Senate Majority Leader Chuck Schumer’s voice rose over the din as a group of leading New York leftists, gathered in a small room in Brooklyn on a recent Saturday, milled around ahead of a ceremony to celebrate the election of democratic socialist Jabari Brisport to the state Senate.

“Jabari, you’re doing good?”

“You’re gonna do great. Everyone likes you.”

“You know what we have in common? My mother-in-law was a CWA activist.”

Only 10 days earlier, President Joe Biden had taken office and Schumer had become the majority leader of the US Senate — the first New Yorker and first Jewish lawmaker to hold the title. But here he was again, back in Brooklyn, a bike ride from his Prospect Park West home — “Jabari was almost my senator” — saluting the young legislator and the grassroots movement that charged his surprising victory.

Brisport’s swearing-in was the capper on yet another coup for New York’s rising progressives and Schumer, the establishment man, was there to cheer them on. He is bear-hugging the left these days, as chatter swirls of a potential primary challenge next year.

But Schumer’s embrace is also wider, more consuming. He is his own tent in New York and everyone and their friends are invited in. Can’t make it? He’ll come to yours. He knows the town and the town — every town in every county across the state — knows him.

At the podium, Schumer, face-to-livestreaming-camera, paid homage — to the community, to the organizers, and to “my colleague in the Congress, Alexandria Ocasio-Cortez!” This was a “great day,” Schumer said, “democracy in action.” His own ascent came to mind — the “awesome” feel of it. “Awe in the biblical sense. When the angels saw the face of God and trembled. Such a huge responsibility.”

Schumer elbow-bumped Brisport as he finished and walked back out of the frame. His famous flip phone was, for a few minutes, silent. Ocasio-Cortez eventually rose to speak and then, beaming, she administered the oath.

He’d be back in Washington soon, doing the job so many of his friends, allies and colleagues say he was born to do: Pushing the President’s “American Rescue Plan,” hashing out a power-sharing deal with Republican Minority Leader Mitch McConnell, shepherding Biden’s Cabinet appointees, preparing for former President Donald Trump’s second Senate impeachment trial — and doing it all with no margin for error in a divided chamber.

In the background, creeping closer, is his own political future. Schumer is up for reelection next year. New York has become a launching pad for the insurgent left. Totems of the state Democratic establishment have been toppled in two consecutive cycles. Rumors that a young progressive might take a run at Schumer in 2022 ping-pong around lefty and media circles. Some people familiar with Ocasio-Cortez’s thinking say she’s considering it, that she hasn’t ruled it out.

But she and her team are being coy. No denials, no hints. Perhaps more notably, no moves — so far — to set the groundwork for a challenge.

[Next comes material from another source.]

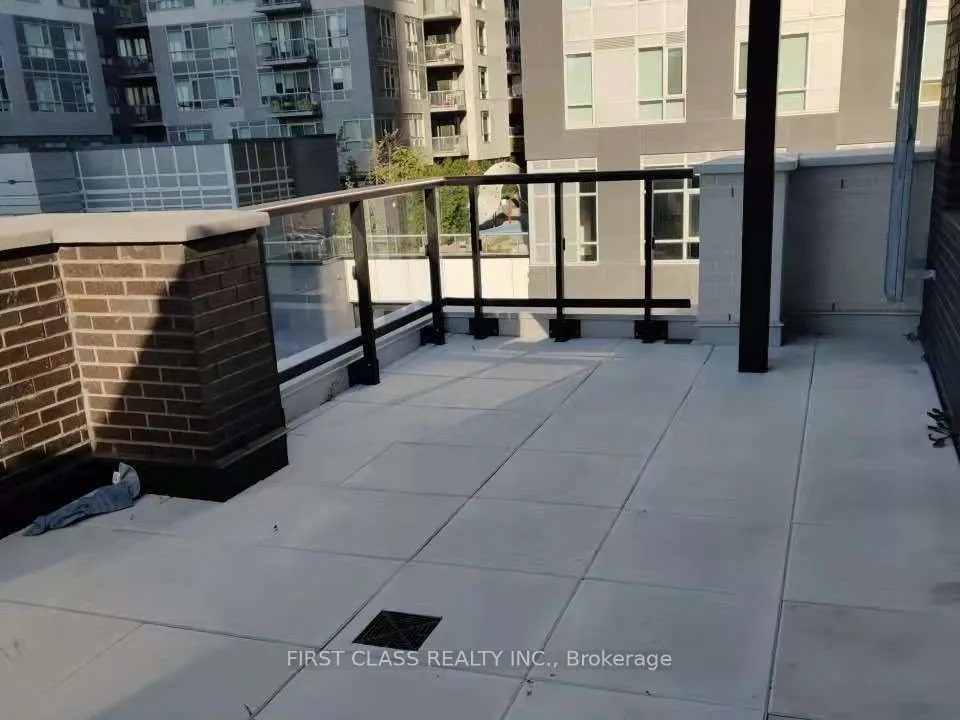 100 River Street W, #Th08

The next few months could determine how real a threat — if any — Schumer faces from the progressive left next year, as he is charged with bringing home the votes to deliver on some of Biden’s most ambitious agenda items. First, the $1.9 trillion Covid-19 relief and stimulus package. Then another, larger bill focused on infrastructure. Democracy reform, an even stickier legislative wicket, could follow that — and the specter of a brewing intra-party clash over the fate of the filibuster hangs over it all.

The majority leader meets his moment

For now, though, the interests and ambitions of Schumer and his would-be Democratic rivals are in near-perfect alignment.

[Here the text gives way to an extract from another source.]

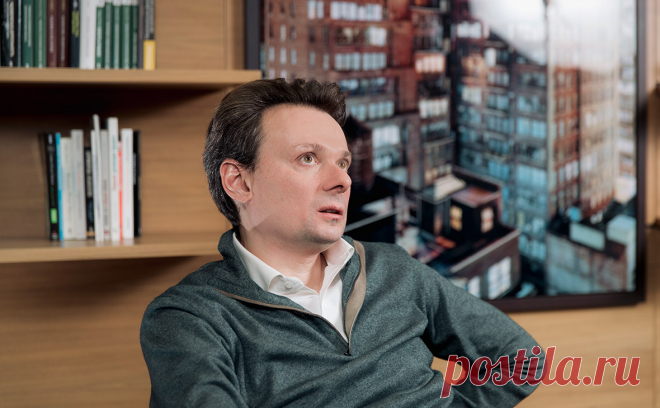 Глава Райффайзенбанка — РБК: «Уходят те, у кого не получается бизнес». Председатель правления Райффайзенбанка Сергей Монин в интервью РБК рассказал, почему иностранные банки могут уходить из России, какими должны быть банковские отделения и что не так с новыми ограничениями на кредитование граждан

“We discussed many of the details of the bill that we have to put together over the next few weeks,” Schumer said after a Wednesday meeting with Biden and leading Senate Democrats at the White House. There was “universal agreement,” he added, “we must go big and bold.”

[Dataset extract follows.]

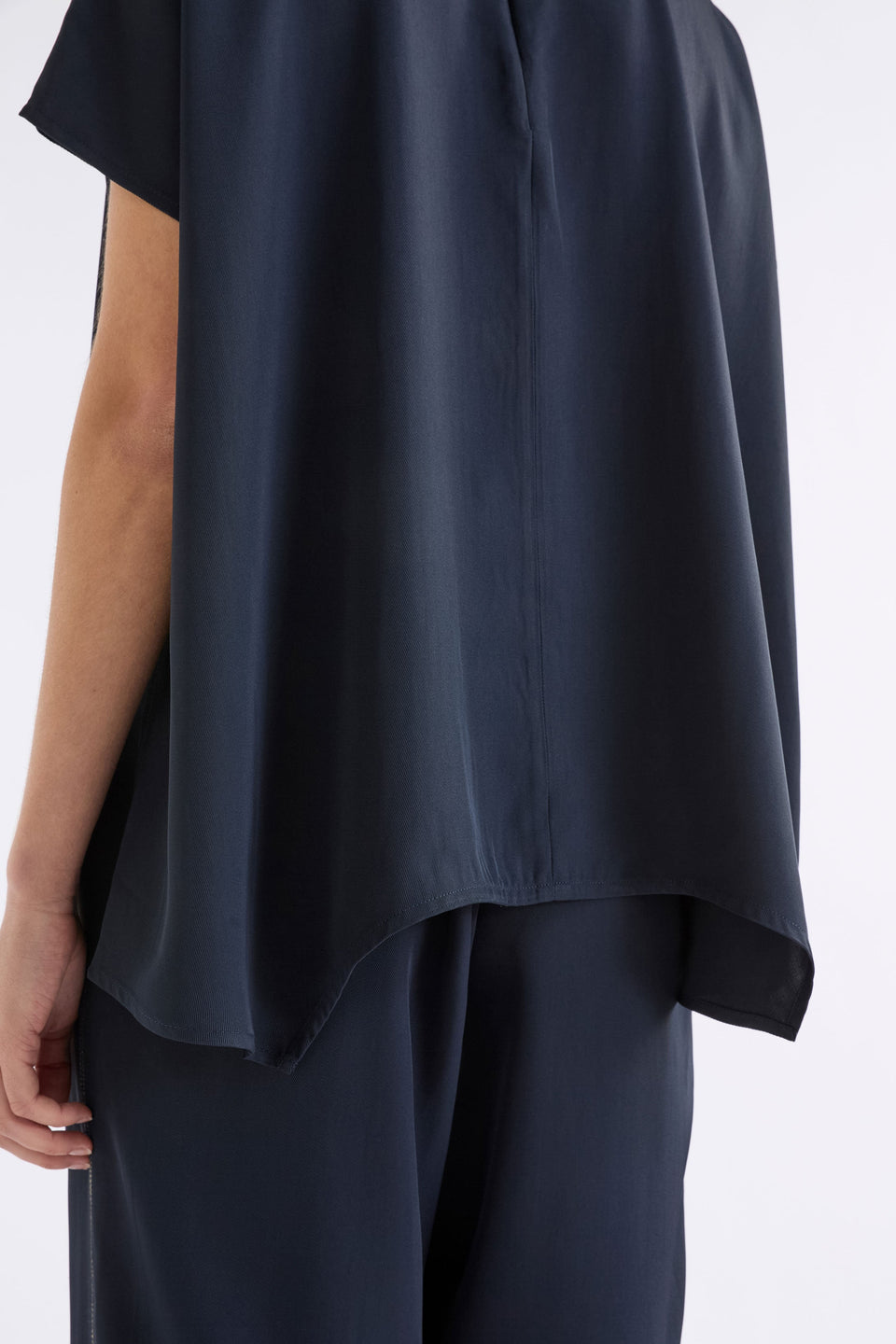 Hullu Relaxed Short Sleeve High Neck Top with Handkerchief Hem Model Back Hem Detail | NAVY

The message has been the same, aides to Democratic senators told CNN, on private calls with his caucus.

They described a new majority leader bursting with excitement, determined to move the process along quickly, repeatedly warning skeptics in his ranks of the dangers of doing too little, or waiting too long — do not, he has warned, make “the mistake of 2009,” when the Obama administration and Senate Democrats passed a trimmed-down stimulus bill in response to the financial crisis. It stopped the bleeding, yes, but set in motion a desperately slow recovery.

An aide to a moderate Senate Democrat tracking the negotiations said that Schumer’s urgency over the Covid relief package is more likely motivated by “fear of letting Republicans play Lucy with the football game like they did with Obama” than worries over a primary challenge.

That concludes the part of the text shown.